▸ **DATA EXCERPTS**
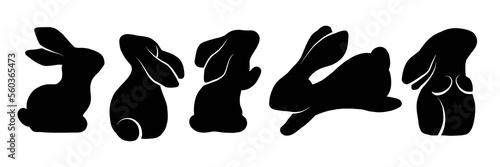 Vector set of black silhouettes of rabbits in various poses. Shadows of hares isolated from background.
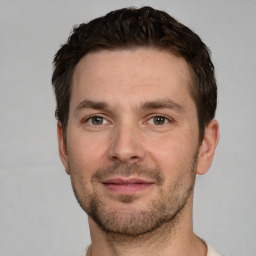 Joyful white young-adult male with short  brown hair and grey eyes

--

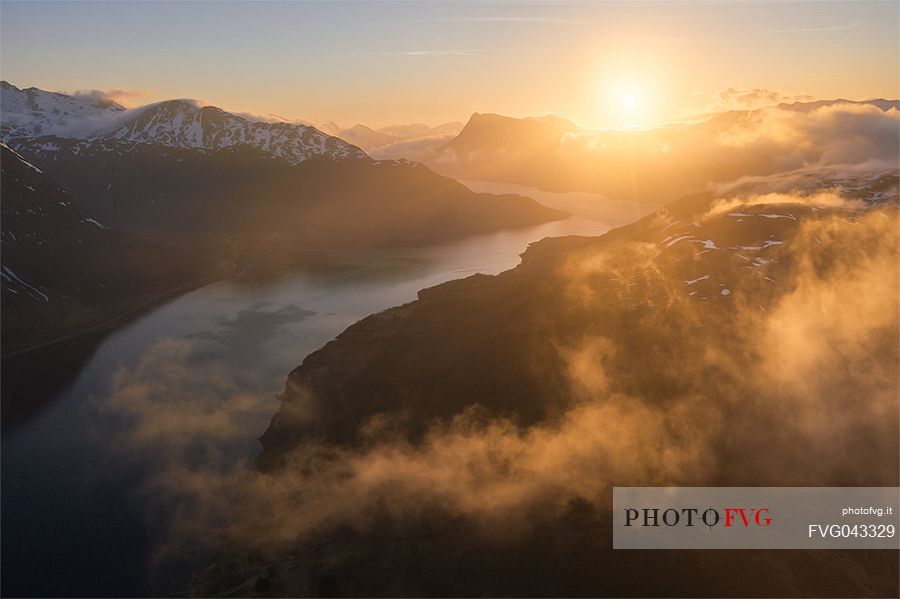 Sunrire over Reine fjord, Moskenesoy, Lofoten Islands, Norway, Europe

==

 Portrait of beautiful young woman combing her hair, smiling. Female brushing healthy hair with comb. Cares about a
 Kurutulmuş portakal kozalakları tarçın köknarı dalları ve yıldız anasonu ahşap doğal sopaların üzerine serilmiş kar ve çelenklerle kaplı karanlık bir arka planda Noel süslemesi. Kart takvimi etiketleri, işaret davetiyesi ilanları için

▸ **TRY IT**
Copy the lines of the data above exactly as written, beginning with the line containing "Portrait of beautiful" and ending with the line containing "Kurutulmuş portakal kozalakları", and leave out all other lines.

▸ **SOLUTION FOR THIS EXERCISE**
 Portrait of beautiful young woman combing her hair, smiling. Female brushing healthy hair with comb. Cares about a
 Kurutulmuş portakal kozalakları tarçın köknarı dalları ve yıldız anasonu ahşap doğal sopaların üzerine serilmiş kar ve çelenklerle kaplı karanlık bir arka planda Noel süslemesi. Kart takvimi etiketleri, işaret davetiyesi ilanları için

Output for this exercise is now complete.